Owner and doctor Bob Cartin has been practicing veterinary medicine for more than 30 years and has seen numerous hospitals, so when he designed his new 11,000-square-foot facility at 655 Benet Road in Oceanside, he said he combined all the things he's learned over the years and rolled it into the perfect facility.
"I take other people's ideas I like and I expand on them," he said, adding that the hospital was judged on its efficiency, cutting-edge qualities and good use of space.
Cartin has not only invented some devices — such as a "lazy Susan" style shelf for treatment room utensils — but he has also bucked the trend and incorporated elements that challenge the norm.
For example, he doesn't use the word "isolation," as most hospitals do, when referring to the area where contagious animals are hospitalized.
"In most hospitals, the isolation room is far away," he said. "But those are the sickest animals in the hospital. They shouldn't be isolated."
Instead, Cartin has created a system that allows his facility's hospitalization room to be kept close to the treatment area, where doctors and technicians can constantly monitor the sick animals. To prevent spread of illnesses to other animals, the room features a ventilation system that uses negative pressure to keep air in.
Cartin also refers to the room where euthanasia procedures take place as the "comfort room," as he feels that's where one of the most crucial moments for pet owners takes place.
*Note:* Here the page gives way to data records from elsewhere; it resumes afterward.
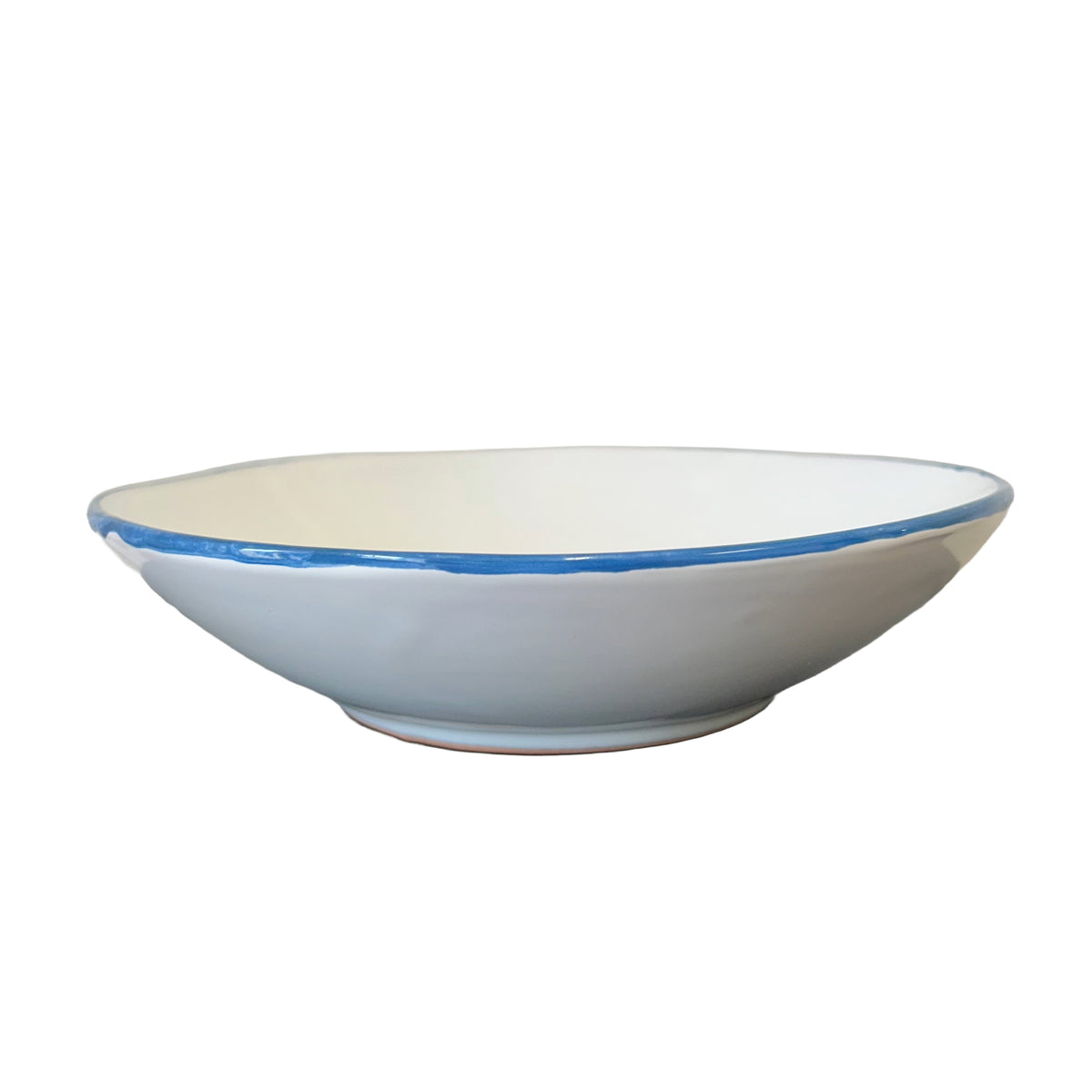 FLORENTINE BLUE RIM PASTA BOWL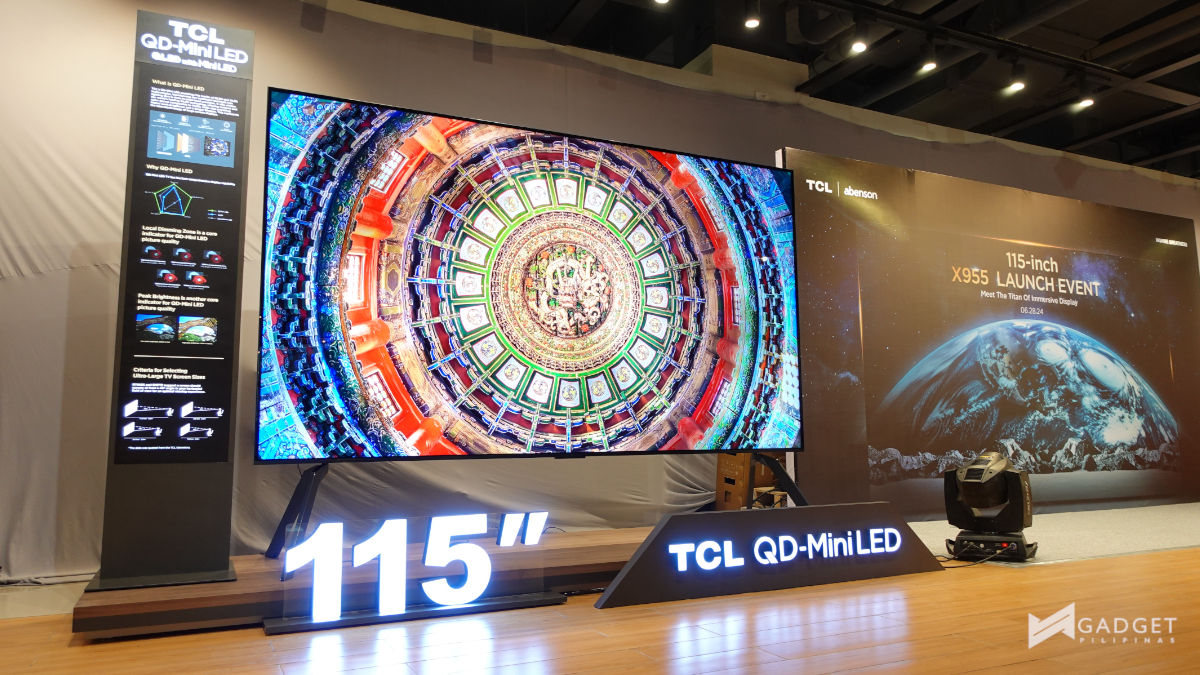TCL X955 Max 115-inch QD-Mini LED TV Launched in PH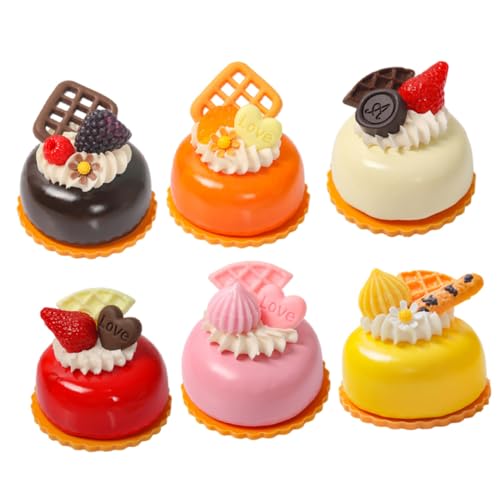 GALPADA 6 Stück Teiliges Realistische Französische Torten Deko Kunst Dessertmodelle für Küchen und Konditorei Auslagen Leichte Party Requisiten und Fotografie Accessoires GALPADA 6 Stück Teiliges Realistische Französische Torten Deko Kunst Dessertmodelle für Küchen und Konditorei Auslagen Leichte Party Requisiten und Fotografie Accessoires von GALPADA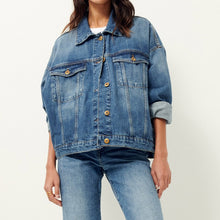 Load image into Gallery viewer, Sessun Costello Denim Jacket Vintage Blue
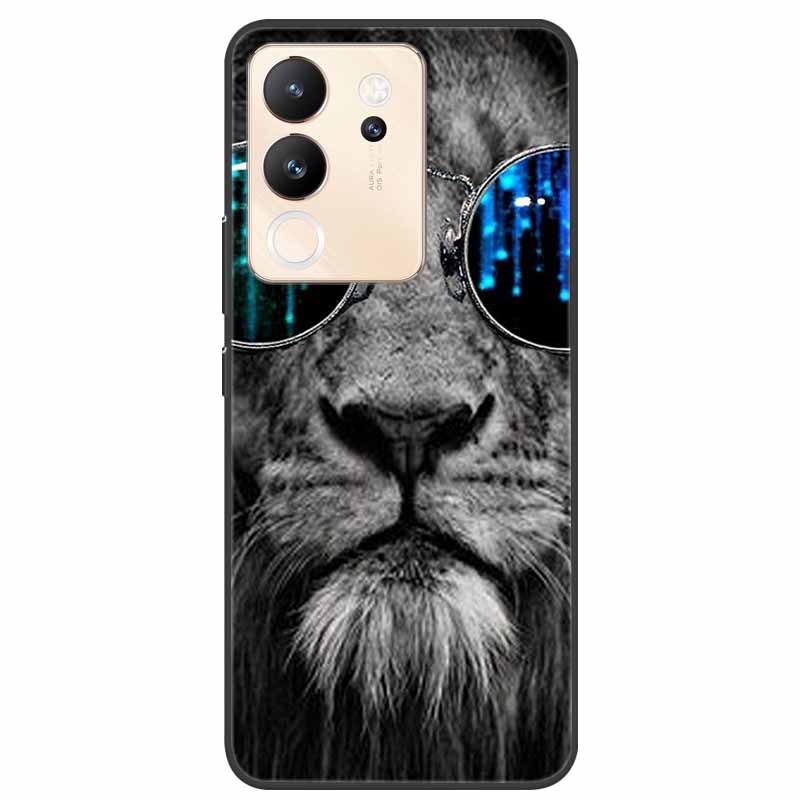 For Vivo V30 Lite Case 6.67'' Silicone Painted Soft TPU Protective Cover for Vivo V 30 Lite 5G Phone Cases V30Lite V2314 Cartoon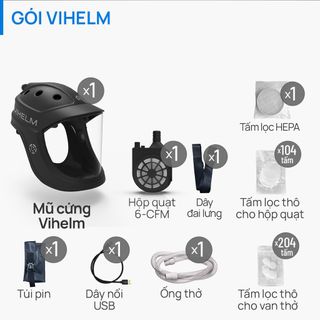 Mũ bảo hộ Vihelm - Mũ cách ly di động phòng chống dịch Covid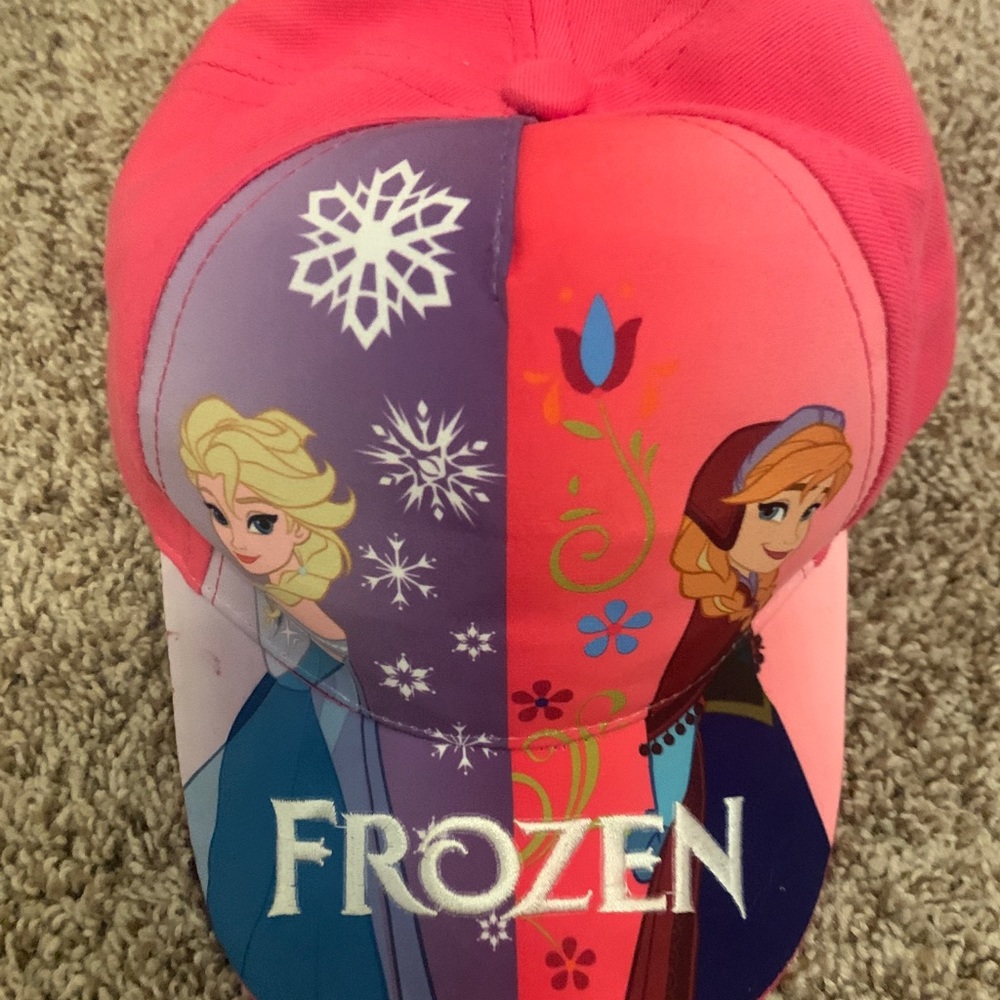 Frozen baseball cap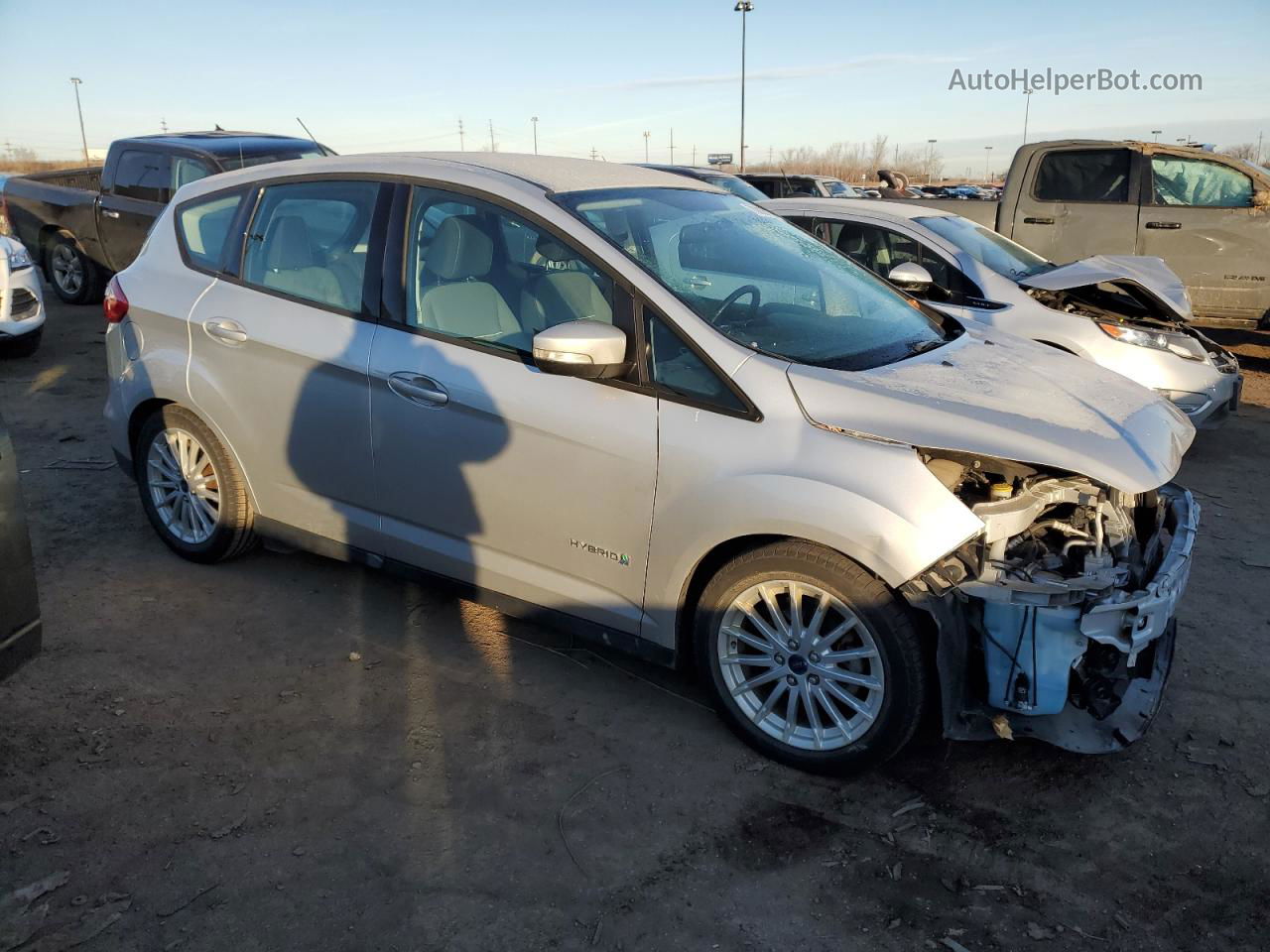 2014 Ford C-max Se Silver vin: 1FADP5AU0EL501252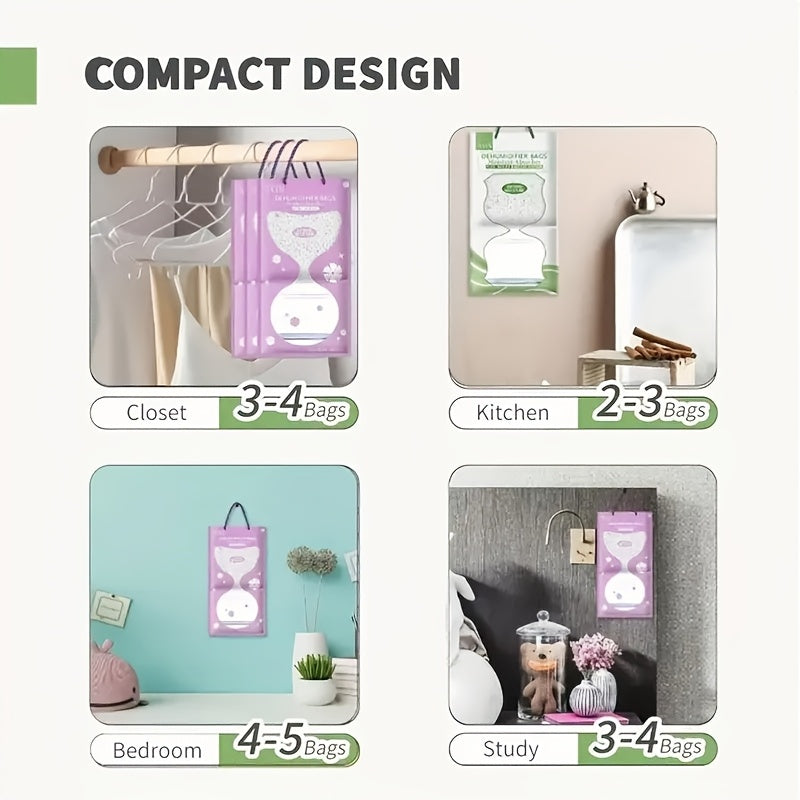 Lavender Scented Dehumidifier Bags for Wardrobe Closet Bathroom Pack of 5-10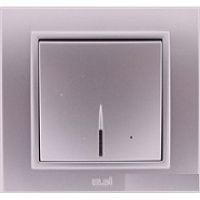 Zena сер. выключатель 1кл с подсв. Led | код 500-011000-201 | ABB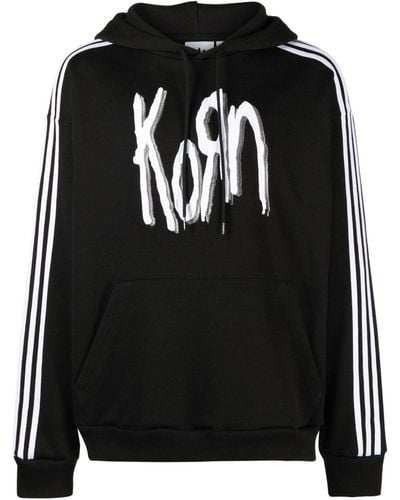 adidas X Korn Embroidered Hoodie - Black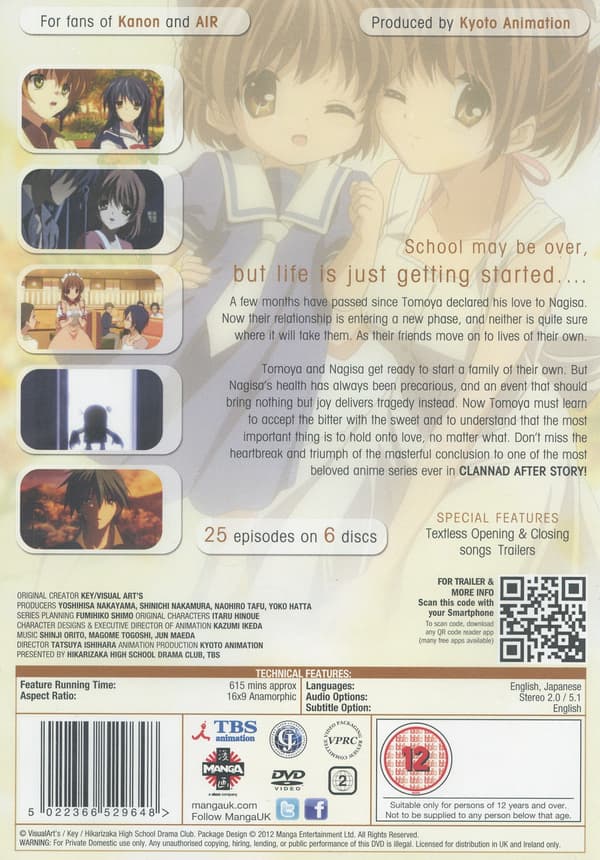 Clannad - After Story: Complete Series (6 DVD)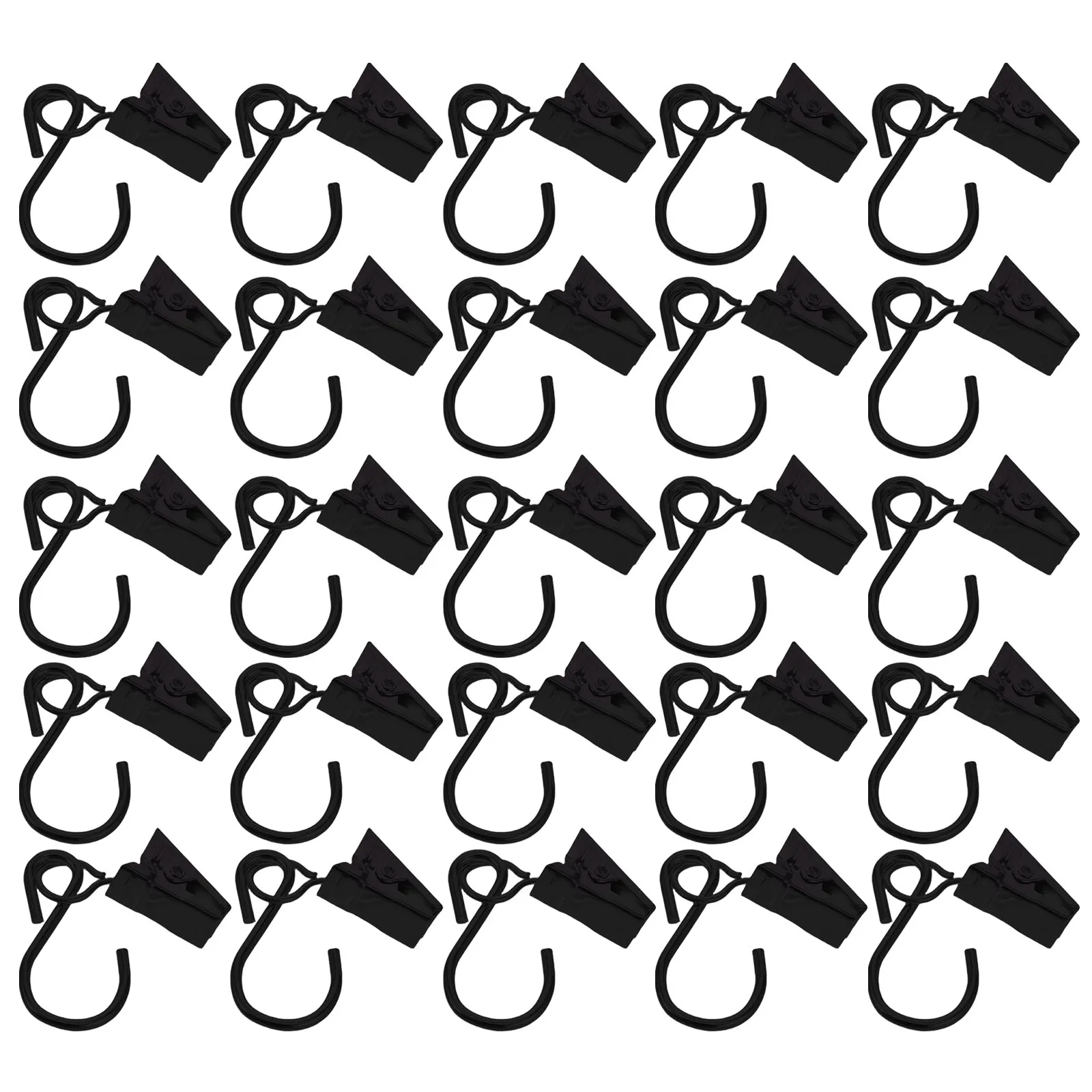 

30pcs Party Light Hanger Durable Metal Curtain Rings for Outdoor Wedding Birthday Decorations Shower Hooks Track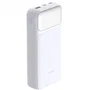D-Link Power Bank 20000 mAh Batería Externa Portátil DPP-201 Carga Rápida 65W PD/QC, 3 Puertos (USB-C y USB-A), Pantalla LED, Blanco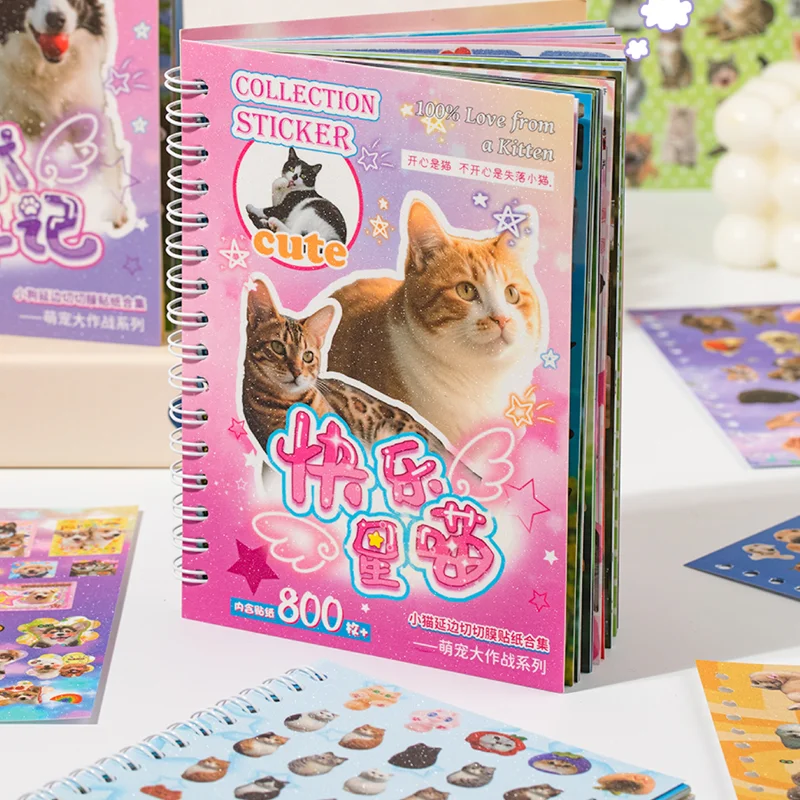 Cute Pet Battle Cut-Out Coil Sticker Book DIY Handbook Calendar Greeting Cards Diary Notebook Album Material Stickers
Cute Pet Battle Cut-Out Coil Sticker Book DIY Handbook Calendar Greeting Cards Diary Notebook Album Material Stickers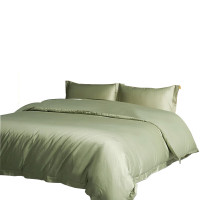 紫韵定做加厚单人三件套 绿色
"It can be one of the most bonding experiences for a hospital, or it can be something that can break the bond if not treated correctly," he said.
Another priority for Cartin is to minimize smell. Let's face it — By virtue of being animal hospitals, animal hospitals have the potential to house unpleasant smells, and he's taken steps (such as epoxy flooring) in his design to minimize that.
And his efforts are more about catering to the animals than the clients.
"If we smell it, animals smell it a thousand times better than us," Cartin said. "They come in here and they are nervous and they are also smelling a thousand other animals. What we hear and see is just a fraction of their senses."
That's also the reason the hospital utilizes solar tubes to provide light in the facility.
"Studies show that people are less stressed with natural light, and we have to assume the same goes for animals," Cartin said.
With animals being Cartin's No. 1 priority, kids come in a close second. Upon entering the spacious, bright hospital one will notice a large glass window that reveals cats playing or sleeping in the feline room. Several birds, who are part of the hospital family, are also in the waiting room and outside to greet clients.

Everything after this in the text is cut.